**Task description:** A word-for-word copy of the entries is the goal; leave out the pictures.

--------

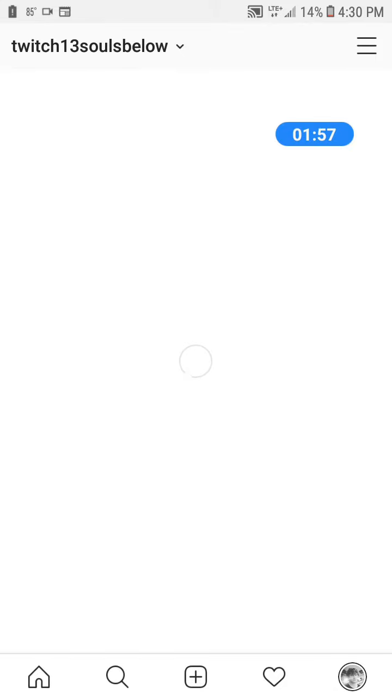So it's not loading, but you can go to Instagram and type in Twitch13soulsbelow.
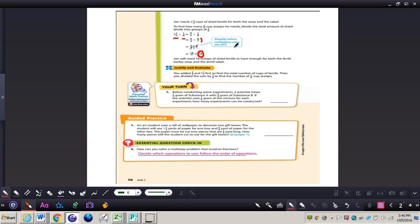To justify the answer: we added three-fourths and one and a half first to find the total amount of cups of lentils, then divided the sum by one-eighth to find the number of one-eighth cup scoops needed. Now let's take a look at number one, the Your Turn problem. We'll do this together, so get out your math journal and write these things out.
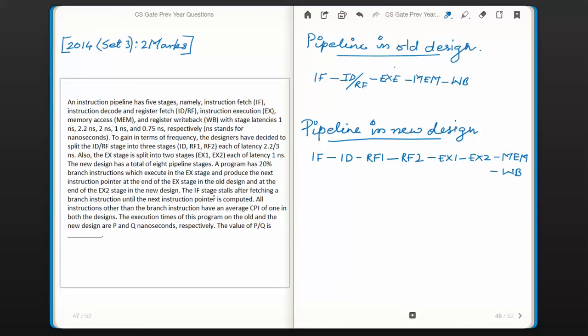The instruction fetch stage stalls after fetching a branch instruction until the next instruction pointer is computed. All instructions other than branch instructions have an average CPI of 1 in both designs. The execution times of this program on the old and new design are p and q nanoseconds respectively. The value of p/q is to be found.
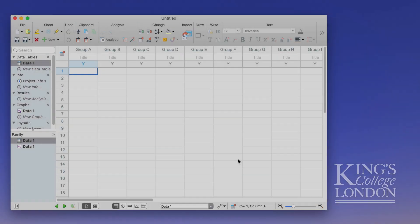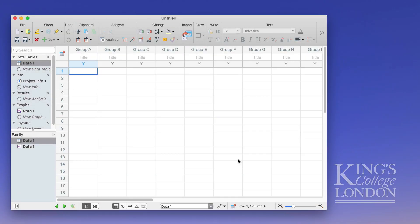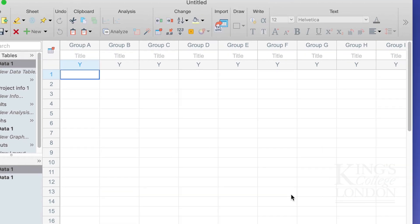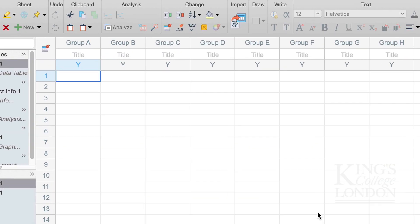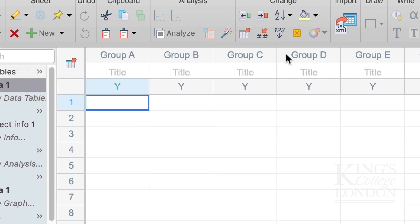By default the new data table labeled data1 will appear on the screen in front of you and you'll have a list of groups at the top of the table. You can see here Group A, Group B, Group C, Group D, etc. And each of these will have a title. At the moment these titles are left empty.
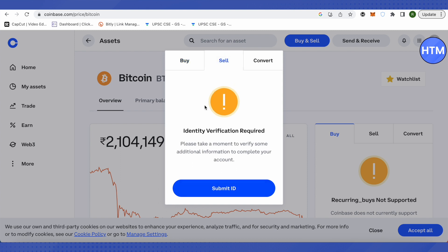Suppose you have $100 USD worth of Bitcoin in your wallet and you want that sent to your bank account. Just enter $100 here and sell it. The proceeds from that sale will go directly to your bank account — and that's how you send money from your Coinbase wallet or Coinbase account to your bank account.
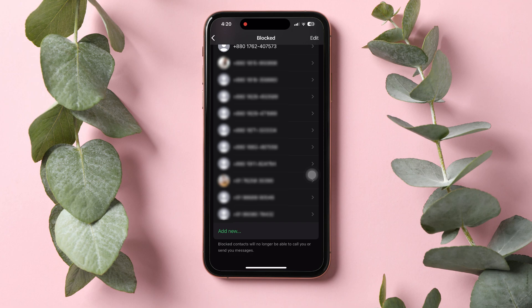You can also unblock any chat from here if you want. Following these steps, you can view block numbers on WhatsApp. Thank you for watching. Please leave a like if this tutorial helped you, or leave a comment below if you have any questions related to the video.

--------

**Answer box:**
So it's not loading, but you can go to Instagram and type in Twitch13soulsbelow.
To justify the answer: we added three-fourths and one and a half first to find the total amount of cups of lentils, then divided the sum by one-eighth to find the number of one-eighth cup scoops needed. Now let's take a look at number one, the Your Turn problem. We'll do this together, so get out your math journal and write these things out.
The instruction fetch stage stalls after fetching a branch instruction until the next instruction pointer is computed. All instructions other than branch instructions have an average CPI of 1 in both designs. The execution times of this program on the old and new design are p and q nanoseconds respectively. The value of p/q is to be found.
By default the new data table labeled data1 will appear on the screen in front of you and you'll have a list of groups at the top of the table. You can see here Group A, Group B, Group C, Group D, etc. And each of these will have a title. At the moment these titles are left empty.
Suppose you have $100 USD worth of Bitcoin in your wallet and you want that sent to your bank account. Just enter $100 here and sell it. The proceeds from that sale will go directly to your bank account — and that's how you send money from your Coinbase wallet or Coinbase account to your bank account.
You can also unblock any chat from here if you want. Following these steps, you can view block numbers on WhatsApp. Thank you for watching. Please leave a like if this tutorial helped you, or leave a comment below if you have any questions related to the video.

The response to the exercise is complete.